- _SUPPLIED DATA_
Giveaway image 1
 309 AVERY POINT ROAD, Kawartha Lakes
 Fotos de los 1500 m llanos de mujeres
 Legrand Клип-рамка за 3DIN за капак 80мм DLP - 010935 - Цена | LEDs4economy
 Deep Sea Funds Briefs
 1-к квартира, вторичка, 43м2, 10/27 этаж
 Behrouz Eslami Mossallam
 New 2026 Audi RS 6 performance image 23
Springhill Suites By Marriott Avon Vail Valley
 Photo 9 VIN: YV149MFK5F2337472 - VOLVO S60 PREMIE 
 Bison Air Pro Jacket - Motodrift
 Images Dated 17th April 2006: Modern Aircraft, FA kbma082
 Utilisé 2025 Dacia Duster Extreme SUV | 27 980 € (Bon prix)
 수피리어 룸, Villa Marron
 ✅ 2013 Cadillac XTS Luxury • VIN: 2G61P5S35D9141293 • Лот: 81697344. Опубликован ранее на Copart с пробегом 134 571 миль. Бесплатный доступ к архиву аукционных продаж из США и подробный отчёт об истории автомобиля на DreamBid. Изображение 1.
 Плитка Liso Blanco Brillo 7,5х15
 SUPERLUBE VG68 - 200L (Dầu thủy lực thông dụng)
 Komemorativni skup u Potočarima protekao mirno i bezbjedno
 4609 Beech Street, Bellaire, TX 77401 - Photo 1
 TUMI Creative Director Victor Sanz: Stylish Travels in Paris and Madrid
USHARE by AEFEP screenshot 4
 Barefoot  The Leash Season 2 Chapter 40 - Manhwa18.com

- _EXERCISE AIM_
Your answer should be the material, retyped exactly as written.

- _TASK RESULT_
Giveaway image 1
 309 AVERY POINT ROAD, Kawartha Lakes
 Fotos de los 1500 m llanos de mujeres
 Legrand Клип-рамка за 3DIN за капак 80мм DLP - 010935 - Цена | LEDs4economy
 Deep Sea Funds Briefs
 1-к квартира, вторичка, 43м2, 10/27 этаж
 Behrouz Eslami Mossallam
 New 2026 Audi RS 6 performance image 23
Springhill Suites By Marriott Avon Vail Valley
 Photo 9 VIN: YV149MFK5F2337472 - VOLVO S60 PREMIE 
 Bison Air Pro Jacket - Motodrift
 Images Dated 17th April 2006: Modern Aircraft, FA kbma082
 Utilisé 2025 Dacia Duster Extreme SUV | 27 980 € (Bon prix)
 수피리어 룸, Villa Marron
 ✅ 2013 Cadillac XTS Luxury • VIN: 2G61P5S35D9141293 • Лот: 81697344. Опубликован ранее на Copart с пробегом 134 571 миль. Бесплатный доступ к архиву аукционных продаж из США и подробный отчёт об истории автомобиля на DreamBid. Изображение 1.
 Плитка Liso Blanco Brillo 7,5х15
 SUPERLUBE VG68 - 200L (Dầu thủy lực thông dụng)
 Komemorativni skup u Potočarima protekao mirno i bezbjedno
 4609 Beech Street, Bellaire, TX 77401 - Photo 1
 TUMI Creative Director Victor Sanz: Stylish Travels in Paris and Madrid
USHARE by AEFEP screenshot 4
 Barefoot  The Leash Season 2 Chapter 40 - Manhwa18.com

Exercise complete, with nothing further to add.